**EXERCISE BRIEF**
The pictures stay out; all of the data is to be printed exactly.

**SOURCE RECORDS**
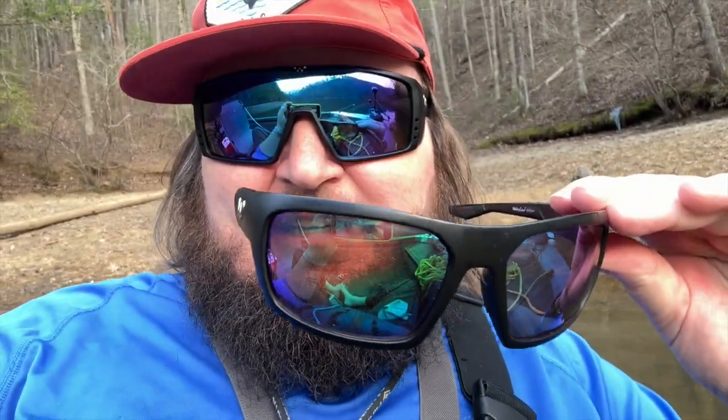Typically, like these Millican Waterland sunglasses in green mirror — that's what you typically want in sight fishing glasses, anything for river fishing, creek fishing, or bed fishing. Those green mirror lenses would typically be what you'd go for.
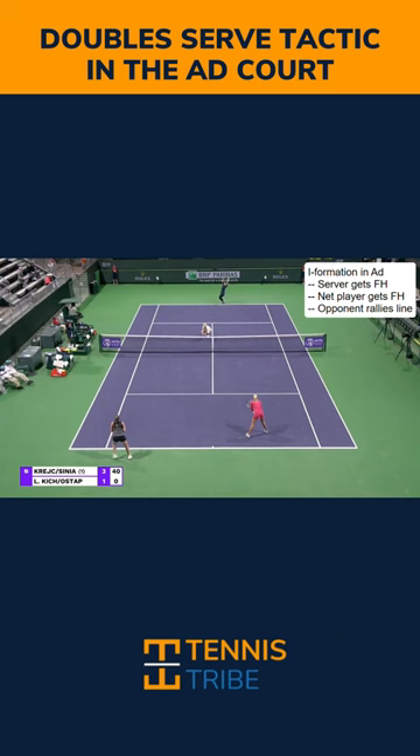This is one of my favorite serve tactics to use in the ad court for a right-handed team. You can play the I-formation in the ad court, have the net player move left, and the server covers the line.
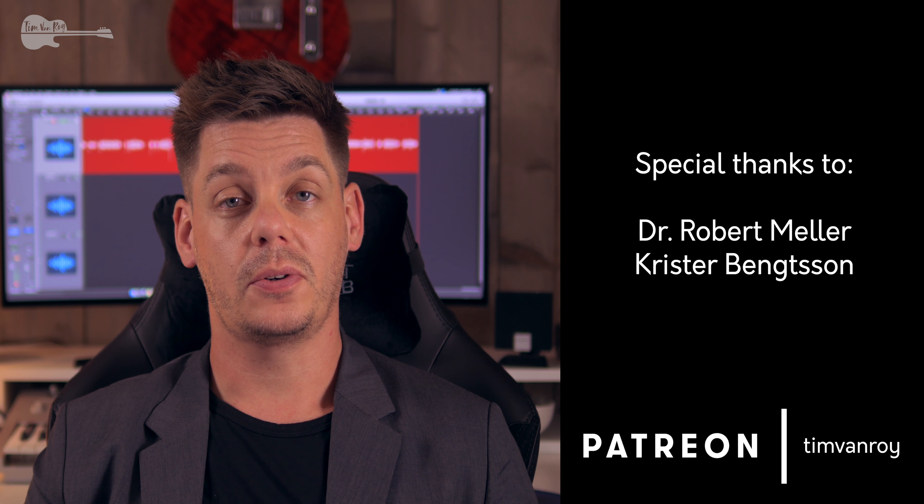Hi everyone, welcome to this tutorial for 'Windy and Warm' by Tommy Emmanuel. First off, let me welcome Robert and Christer on the credit roll as my first two top-tier patrons. If you want to support the channel or if you are looking for tabs or notation files, please head over to the Patreon site.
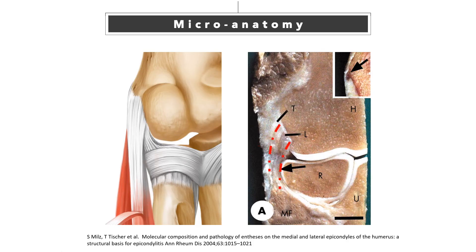Let's take a close look at the microanatomy of the lateral epicondyle. The common extensor tendon and collateral ligament attach to the outer surface of the lateral epicondyle. These tendons and ligaments attach to the bone through fibrocartilaginous transformation called enthesis. The ligament is deeply located but cannot be separated from the tendon.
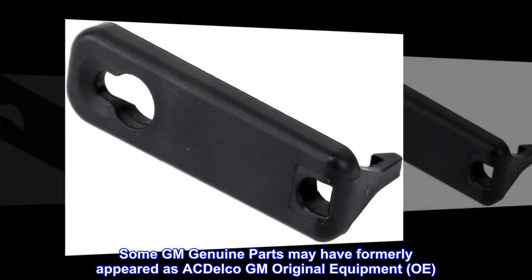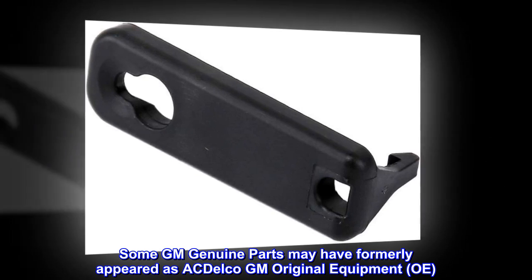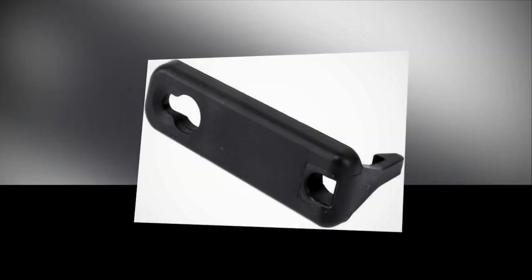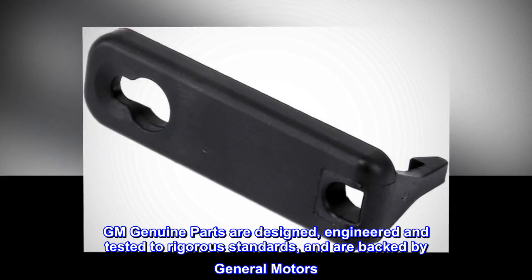Some GM Genuine Parts may have formerly appeared as ACDelco GM Original Equipment OE. GM Genuine Parts are designed, engineered and tested to rigorous standards, and are backed by General Motors.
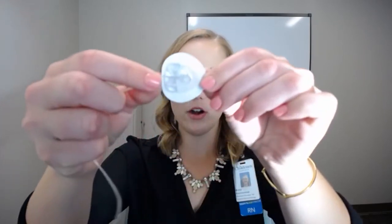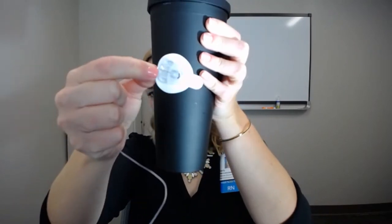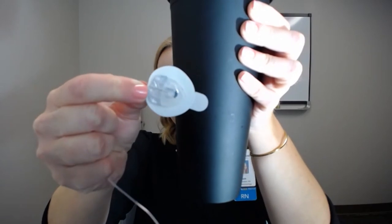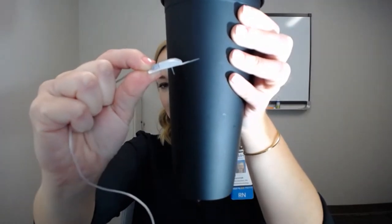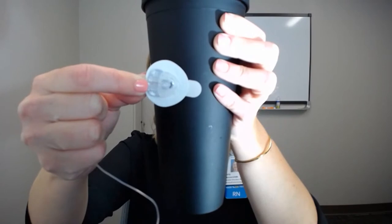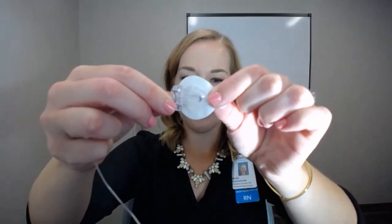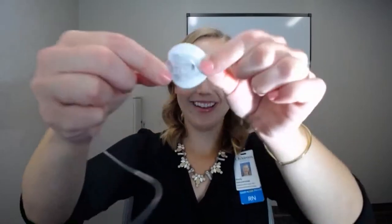So an infusion set looks something like this — and again there are multiple types. I'll use my water bottle to give you a better image. That's the infusion set sitting on your skin, and if I turn it sideways you can see that little plastic cannula coming out 90 degrees from the adhesive. You can clip in and out, which is really nice — the adhesive holds the cannula under the skin, and you can release the tubing to disconnect for showering, bathing, anything like that, then just clip back in.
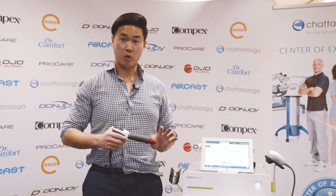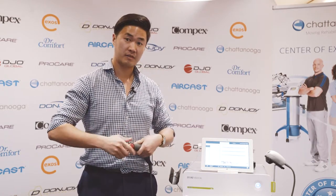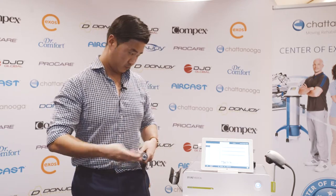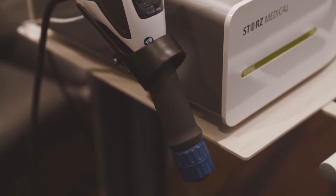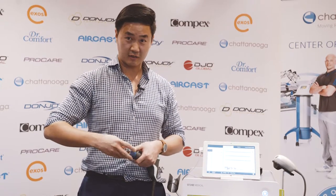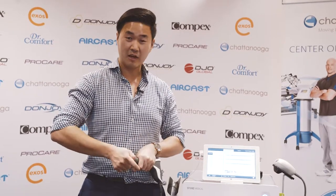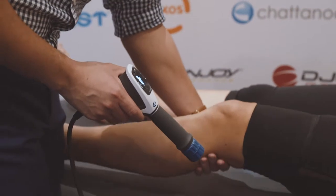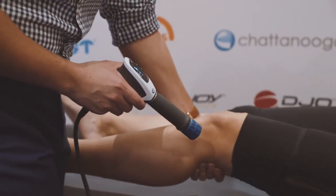Once the patient has become comfortable and accommodated to that intensity, I would change the headpiece to the 20mm. Note that the patellar tendon is most sensitive when palpated with the knee in neutral extension, so place a towel underneath the knee so it's slightly bent at about 15 to 20 degrees — that'll also reduce pain during treatment.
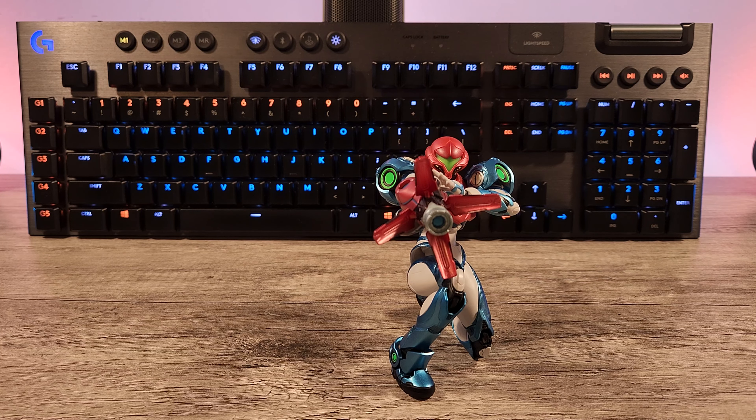Again, just a quick vid — just wanted to show you guys the Figma Samus. Hit me up if you got any questions, thanks so much, have a good one.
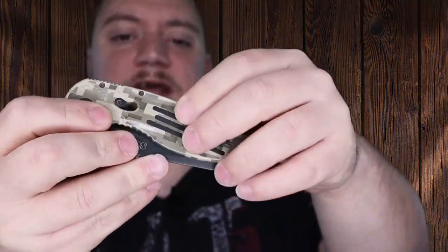Before I forget, it does have a blade lock as well, and a deep carry pocket clip. Nice knife guys. That's all I got for you. Later.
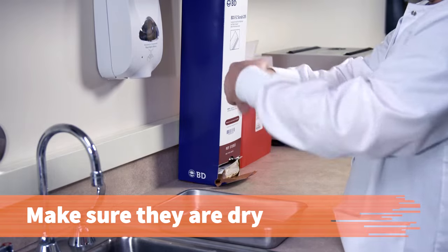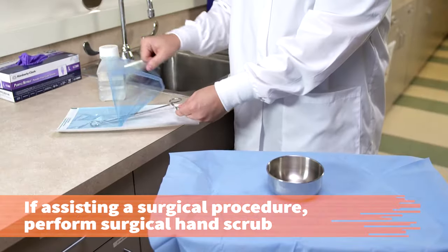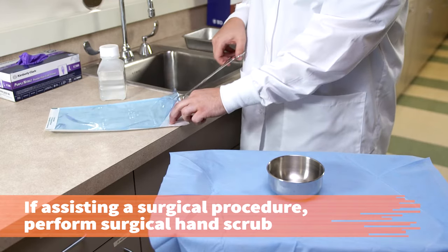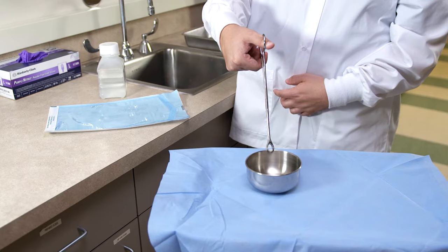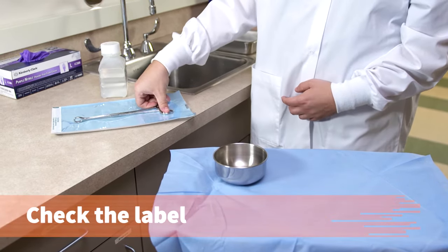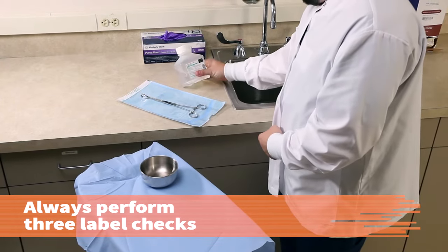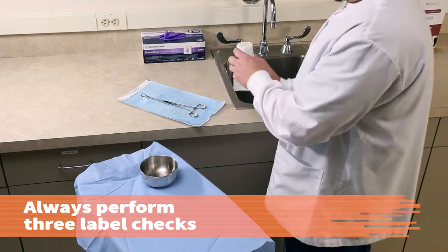Moisture on your hands may contaminate the pack. If you will be assisting with a surgical procedure immediately after this procedure, perform a surgical hand scrub. Use the transfer forceps to move the bowl to one inch from the edge of the sterile field. Check the label of the ordered solution. Always perform three label checks before administering any solution or medication.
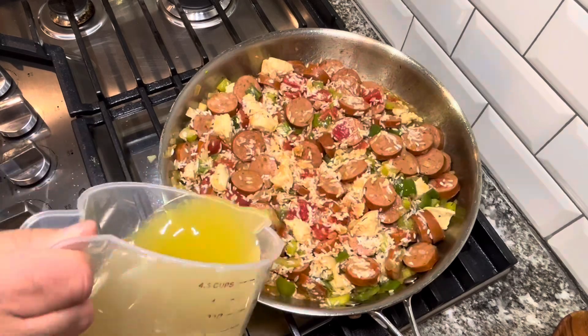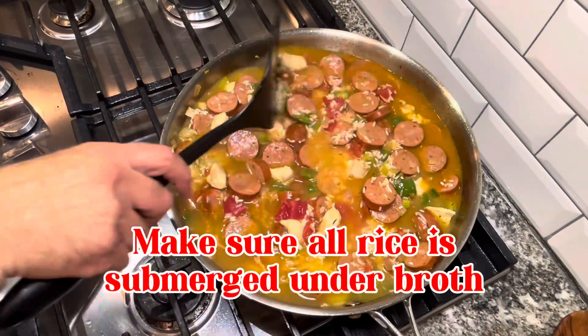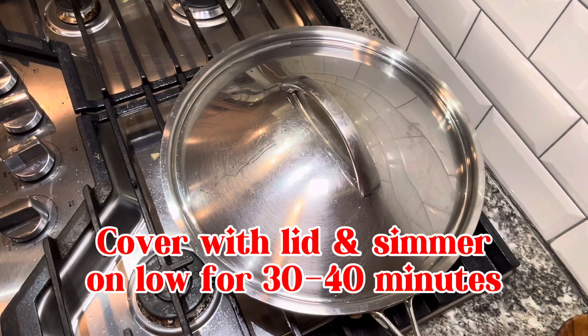We begin with the egg. We have 2 tablespoons of fried rice, and we're ready to cook up 2 tablespoons of shrimp — 3 tablespoons in total.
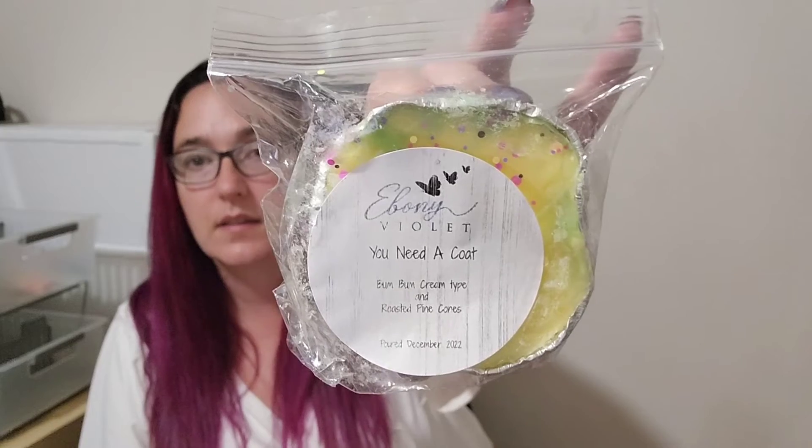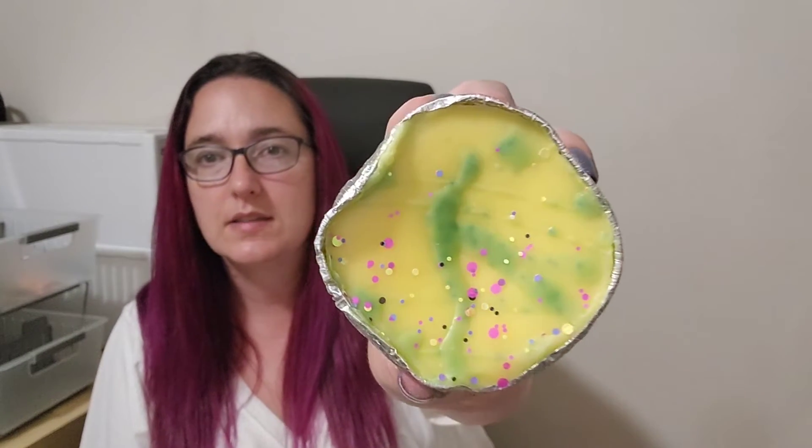Now everything else is souffles. Another one I've had before — and this one I wish I'd gotten as a snap bar — is You Need a Coat, which is Boom Boom type and roasted pine cones. I've raved about roasted pine cones as an oil before. It's just one of my favorite oils — it's amazing. Ebony Violet has a great version of it.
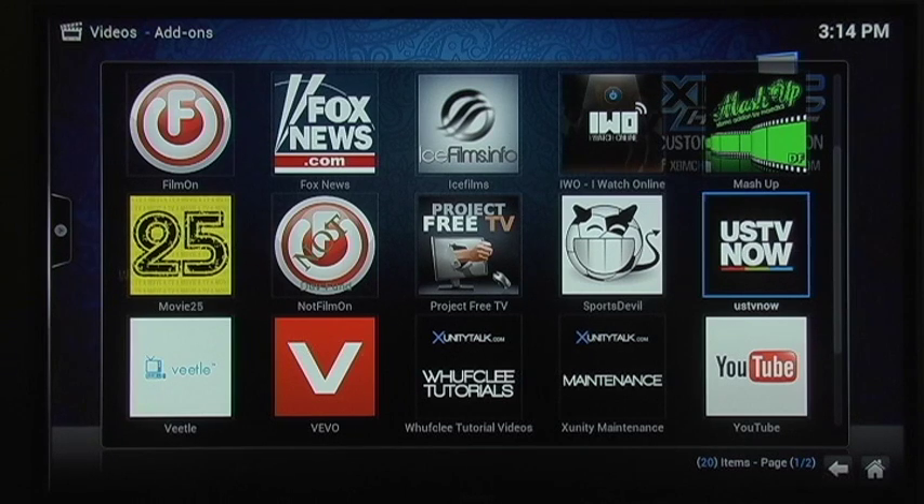What you would have to do is sign up for a free account online. You don't have to pay anything — just provide an email and sign up with them, and they'll give you free local channels, or national channels per se.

**EXERCISE SOLUTION**
Typically, like these Millican Waterland sunglasses in green mirror — that's what you typically want in sight fishing glasses, anything for river fishing, creek fishing, or bed fishing. Those green mirror lenses would typically be what you'd go for.
This is one of my favorite serve tactics to use in the ad court for a right-handed team. You can play the I-formation in the ad court, have the net player move left, and the server covers the line.
Hi everyone, welcome to this tutorial for 'Windy and Warm' by Tommy Emmanuel. First off, let me welcome Robert and Christer on the credit roll as my first two top-tier patrons. If you want to support the channel or if you are looking for tabs or notation files, please head over to the Patreon site.
Let's take a close look at the microanatomy of the lateral epicondyle. The common extensor tendon and collateral ligament attach to the outer surface of the lateral epicondyle. These tendons and ligaments attach to the bone through fibrocartilaginous transformation called enthesis. The ligament is deeply located but cannot be separated from the tendon.
Some GM Genuine Parts may have formerly appeared as ACDelco GM Original Equipment OE. GM Genuine Parts are designed, engineered and tested to rigorous standards, and are backed by General Motors.
So an infusion set looks something like this — and again there are multiple types. I'll use my water bottle to give you a better image. That's the infusion set sitting on your skin, and if I turn it sideways you can see that little plastic cannula coming out 90 degrees from the adhesive. You can clip in and out, which is really nice — the adhesive holds the cannula under the skin, and you can release the tubing to disconnect for showering, bathing, anything like that, then just clip back in.
Once the patient has become comfortable and accommodated to that intensity, I would change the headpiece to the 20mm. Note that the patellar tendon is most sensitive when palpated with the knee in neutral extension, so place a towel underneath the knee so it's slightly bent at about 15 to 20 degrees — that'll also reduce pain during treatment.
Again, just a quick vid — just wanted to show you guys the Figma Samus. Hit me up if you got any questions, thanks so much, have a good one.
Before I forget, it does have a blade lock as well, and a deep carry pocket clip. Nice knife guys. That's all I got for you. Later.
Moisture on your hands may contaminate the pack. If you will be assisting with a surgical procedure immediately after this procedure, perform a surgical hand scrub. Use the transfer forceps to move the bowl to one inch from the edge of the sterile field. Check the label of the ordered solution. Always perform three label checks before administering any solution or medication.
We begin with the egg. We have 2 tablespoons of fried rice, and we're ready to cook up 2 tablespoons of shrimp — 3 tablespoons in total.
Now everything else is souffles. Another one I've had before — and this one I wish I'd gotten as a snap bar — is You Need a Coat, which is Boom Boom type and roasted pine cones. I've raved about roasted pine cones as an oil before. It's just one of my favorite oils — it's amazing. Ebony Violet has a great version of it.
What you would have to do is sign up for a free account online. You don't have to pay anything — just provide an email and sign up with them, and they'll give you free local channels, or national channels per se.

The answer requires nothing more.